# bad name



## sercuerdasfigther (Sep 5, 2003)

do overly commericalized arts like tkd or tsd which seem to be watered down at mc dojo's give all karate a bad name?


----------



## MJS (Sep 6, 2003)

> _Originally posted by sercuerdasfigther _
> *do overly commericalized arts like tkd or tsd which seem to be watered down at mc dojo's give all karate a bad name? *



Well, it definately doesnt help.  While I have seen schools that are belt factories, I have seen others that are not.  So, it all comes down to the school.  

Mike


----------



## redfang (Sep 6, 2003)

> _Originally posted by sercuerdasfigther _
> *do overly commericalized arts like tkd or tsd which seem to be watered down at mc dojo's give all karate a bad name? *


 No. 'Nuff said.


----------



## Ceicei (Sep 7, 2003)

No.

It's because people who are only acquainted with TV/movie martial arts or who are newbies to martial arts aren't aware of "watered down" versions or MA politics.  In other words, what is "bad karate" to them?

- Ceicei


----------



## gojukylie (Sep 14, 2003)

Majority of non-martial artists wouldn't be aware of the amount of under 2 year, "we promise you a black belt", ryu's. 
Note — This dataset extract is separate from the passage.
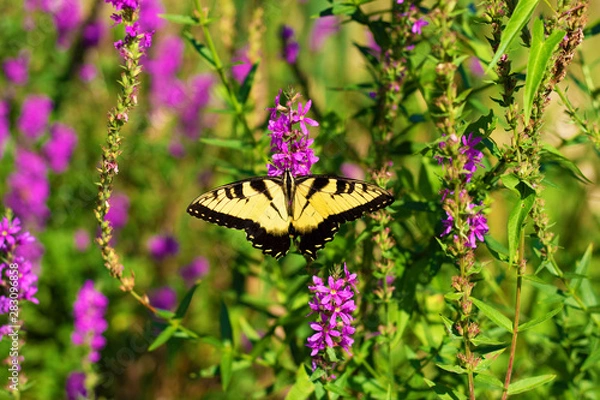 Obraz Eastern Tiger Swallowtail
Majority of students that attend these under 2 year, "we promise you a black belt" ryu's don't know any better.

Majority of students that study a form of Karate under a good instructor that teaches with a traditional syllabus, don't care about the Black Belt Factories anyway. They know the length of time is takes to train the mind and the body, and that the Black Belt rank is only the beginning.
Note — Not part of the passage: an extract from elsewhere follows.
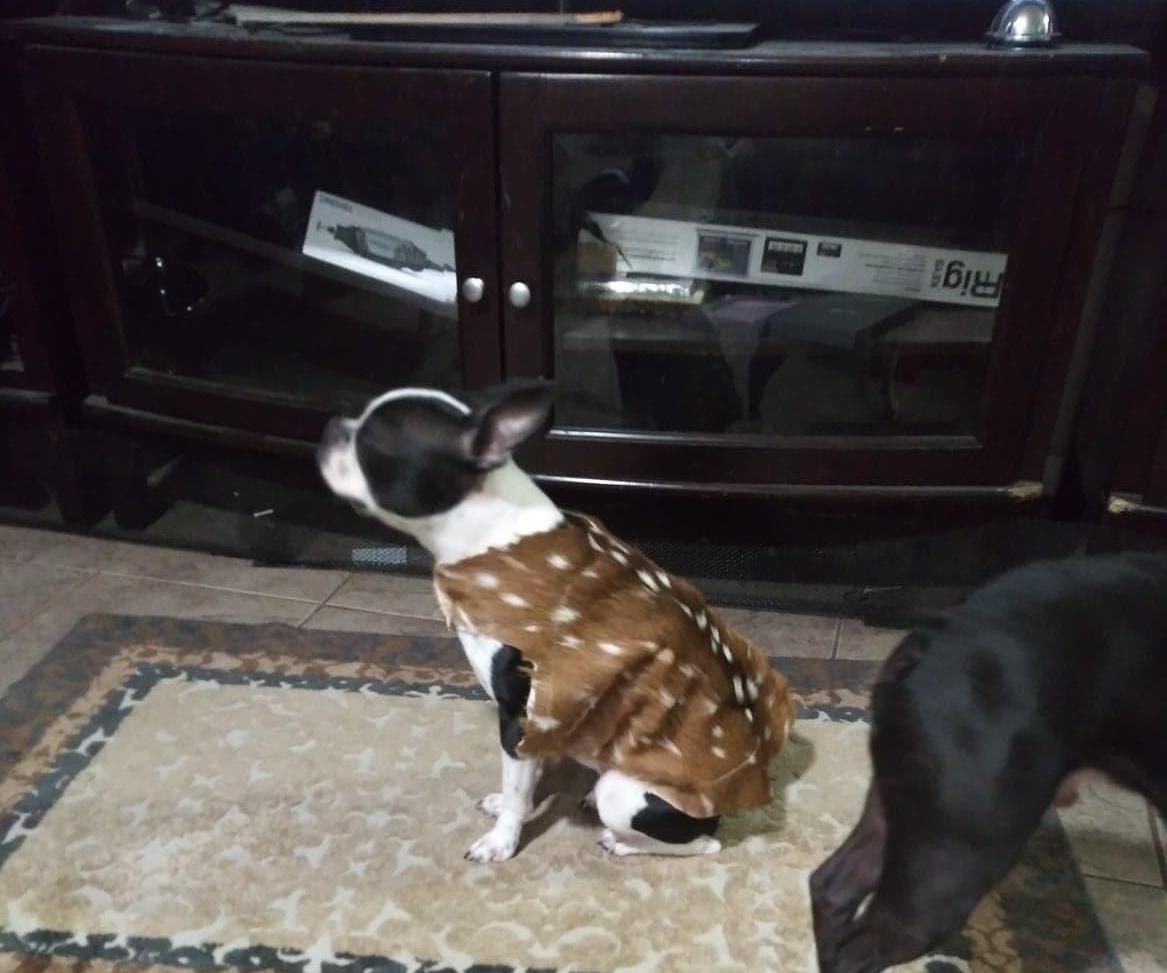 Axis Fur Dog Vest 7 Steps Instructables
So I guess the answer is NO.


----------



## MountainSage (Sep 14, 2003)

I believe there is a marketing adage that goes," If your product is good the buyer tells no one, if your product is bad the buyer tells everyone."  I bad belt factory experiance could taint all karate type style of MA's.  Being in TKD, I am very aware of the damage that belt factories can do to a style and the appearance to people on the outside looking in.


Mountain Sage


----------



## tshadowchaser (Sep 14, 2003)

Trouble is that untill and unless the person studying becomes involved with other martial artest outside of there school they will not know if it is a bad school.
I have had black belts from other schools ask me questions I would rather not answere about the schools they where in and what i thought of the requirements they had for rank. It's not my place to judge their system but I can always invite them to watch our workouts and let them spar with my greenbelts. Not many come back a 2nd time.
Instructors that give /sell rank fast to make the school look better or to get $$$$ demean the art. But if you dont know what to look for your not able to know the difference


----------



## Shinzu (Sep 19, 2003)

it all depends on the instructor and the school.  even the most respected martial art can become a joke if in the wrong hands.


----------